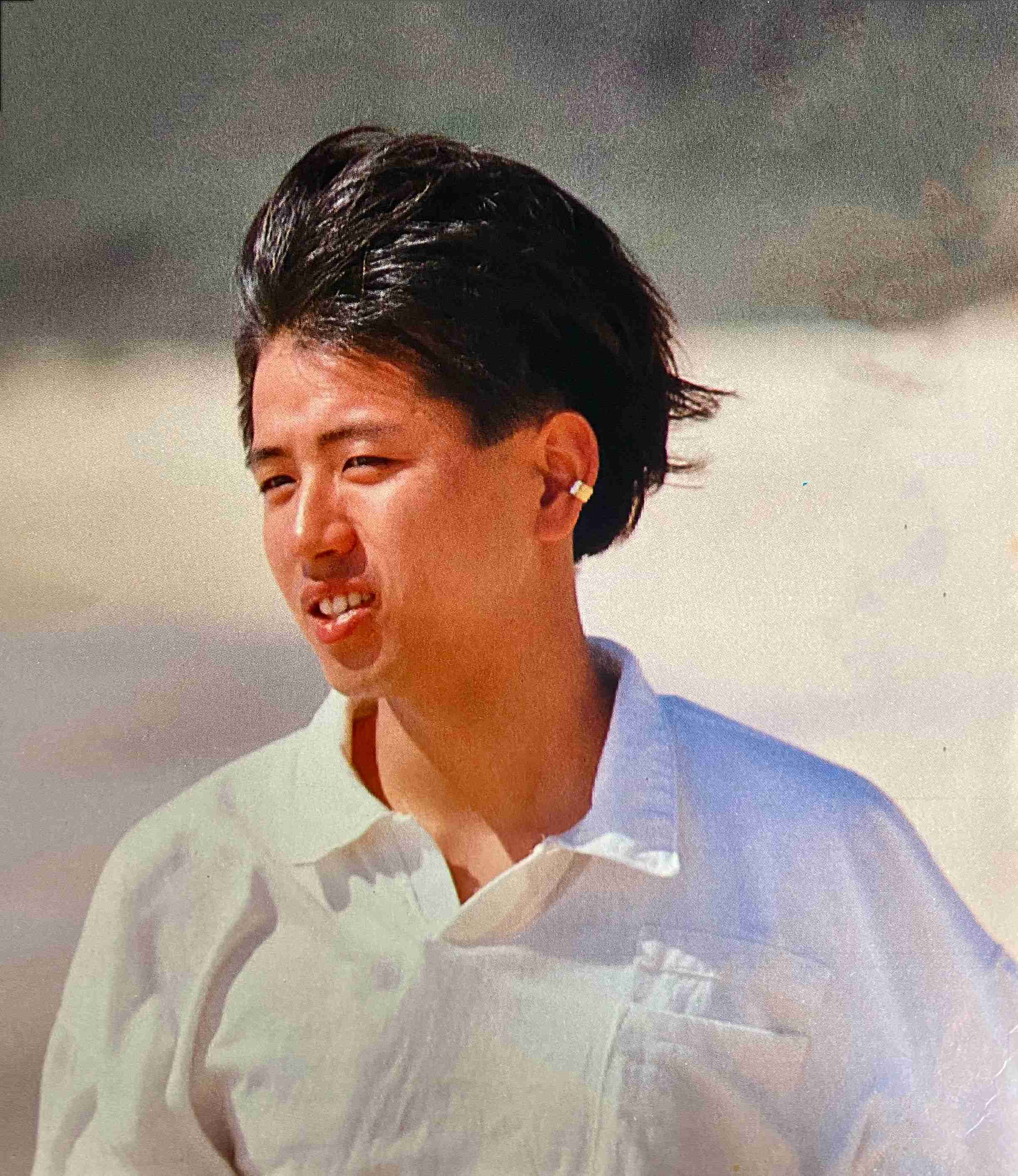 自分に似ている男性芸能人で挨拶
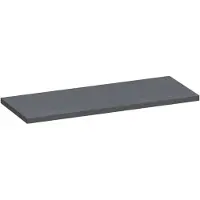 Brauer Ocean Medium Topblad 119,6x46cm - MFC - Timber Grey - Badkamermeubels, Wastafelbladen - 8720724561220
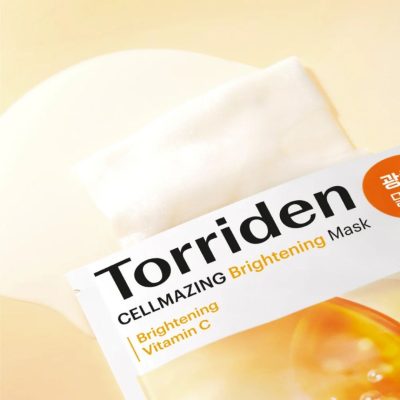TORRIDEN CELLMAZING BRIGHTENING VITAMIN C MASK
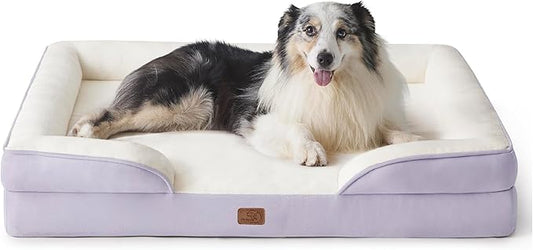 Bedsure XL Orthopedic Dog Bed for Extra Large Dogs by Unknown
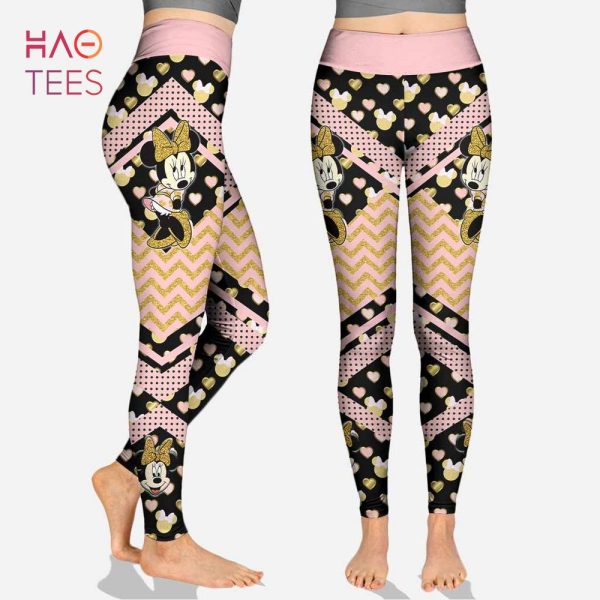 [BEST] Luxury Personalized Minnie Mouse Hoodie Leggings Set 3D All Over Print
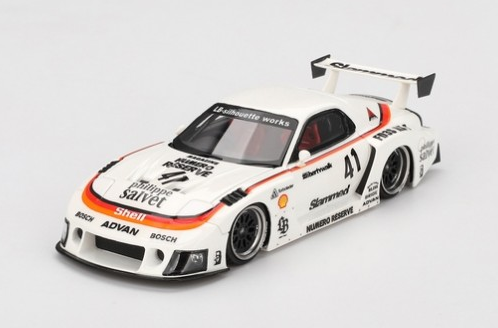 TSMV0020 - MAZDA RX7 LB-Super Silhouette #41 Numéro réserve 2024 - 1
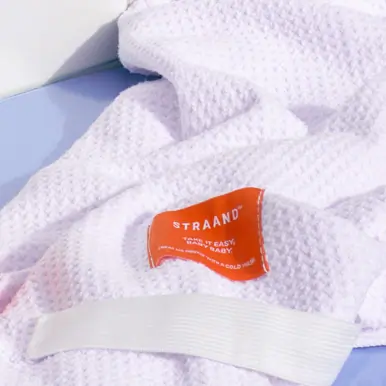 STRAAND Microfibre Hair Towel 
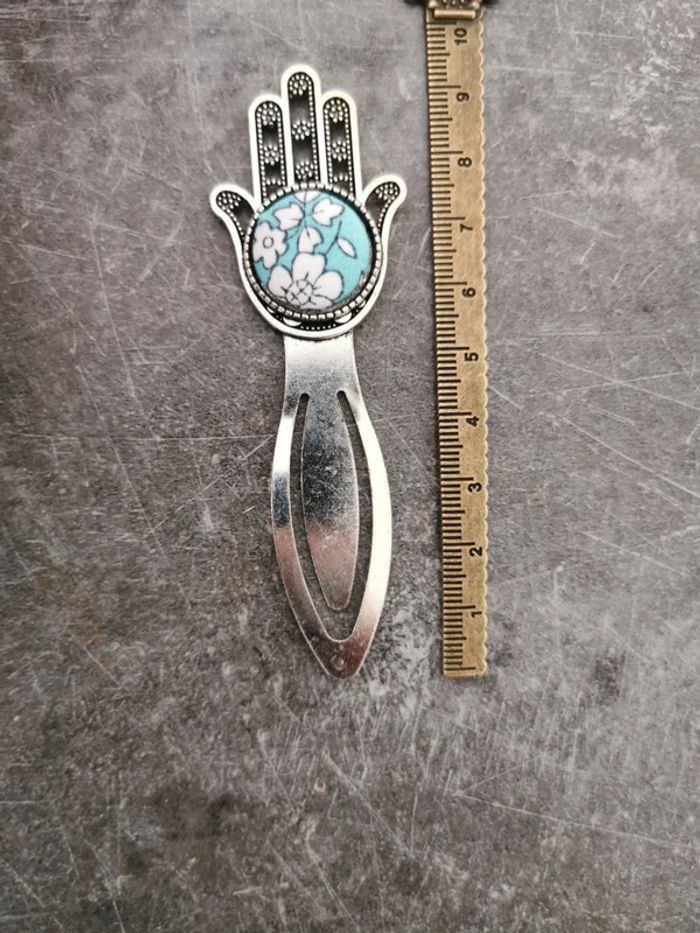 Marque page tissu neuf - photo numéro 2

━━━━━━━━━━

Exercise - Exactly repeat every line from the line that includes "Bedsure XL Orthopedic" to the end of the listing, and nothing else, leaving pictures out.

Answer box -
 Bedsure XL Orthopedic Dog Bed for Extra Large Dogs by Unknown
 [BEST] Luxury Personalized Minnie Mouse Hoodie Leggings Set 3D All Over Print
 TSMV0020 - MAZDA RX7 LB-Super Silhouette #41 Numéro réserve 2024 - 1
 STRAAND Microfibre Hair Towel 
 Marque page tissu neuf - photo numéro 2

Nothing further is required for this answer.